== Segment start ==

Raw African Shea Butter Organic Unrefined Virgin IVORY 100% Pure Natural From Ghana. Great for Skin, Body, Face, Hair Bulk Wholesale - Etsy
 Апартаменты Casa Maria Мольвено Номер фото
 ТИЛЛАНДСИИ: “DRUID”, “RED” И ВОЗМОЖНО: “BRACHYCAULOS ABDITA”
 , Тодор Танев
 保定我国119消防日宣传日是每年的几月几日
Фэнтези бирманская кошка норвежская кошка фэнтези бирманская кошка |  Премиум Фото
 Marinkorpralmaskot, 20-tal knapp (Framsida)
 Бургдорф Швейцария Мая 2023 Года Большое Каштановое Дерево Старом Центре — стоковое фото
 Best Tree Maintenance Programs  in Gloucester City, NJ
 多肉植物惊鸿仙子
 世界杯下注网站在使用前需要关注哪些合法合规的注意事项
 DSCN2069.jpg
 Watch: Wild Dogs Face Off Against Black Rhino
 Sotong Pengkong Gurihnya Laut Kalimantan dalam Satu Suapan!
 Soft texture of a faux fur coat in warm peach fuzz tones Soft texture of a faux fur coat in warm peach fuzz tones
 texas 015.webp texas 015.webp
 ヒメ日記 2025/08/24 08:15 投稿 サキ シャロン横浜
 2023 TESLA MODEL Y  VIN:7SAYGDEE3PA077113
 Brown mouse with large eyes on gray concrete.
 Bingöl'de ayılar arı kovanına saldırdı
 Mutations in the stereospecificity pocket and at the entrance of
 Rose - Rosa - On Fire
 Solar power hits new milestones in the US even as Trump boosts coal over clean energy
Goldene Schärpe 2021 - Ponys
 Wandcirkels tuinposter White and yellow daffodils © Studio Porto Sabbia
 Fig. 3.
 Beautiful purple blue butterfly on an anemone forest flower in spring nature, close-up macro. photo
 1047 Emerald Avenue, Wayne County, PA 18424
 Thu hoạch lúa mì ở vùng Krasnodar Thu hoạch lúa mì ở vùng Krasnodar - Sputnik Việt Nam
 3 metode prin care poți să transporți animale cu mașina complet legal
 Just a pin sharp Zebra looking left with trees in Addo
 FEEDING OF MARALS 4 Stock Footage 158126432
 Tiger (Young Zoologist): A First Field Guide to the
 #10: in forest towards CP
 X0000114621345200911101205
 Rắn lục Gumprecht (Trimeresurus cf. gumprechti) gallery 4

== Segment end ==

ACTIVITY: The line with "3 metode prin" and every line after it up to the end of the entries: output those exactly, and only those.

ANSWER AREA:
 3 metode prin care poți să transporți animale cu mașina complet legal
 Just a pin sharp Zebra looking left with trees in Addo
 FEEDING OF MARALS 4 Stock Footage 158126432
 Tiger (Young Zoologist): A First Field Guide to the
 #10: in forest towards CP
 X0000114621345200911101205
 Rắn lục Gumprecht (Trimeresurus cf. gumprechti) gallery 4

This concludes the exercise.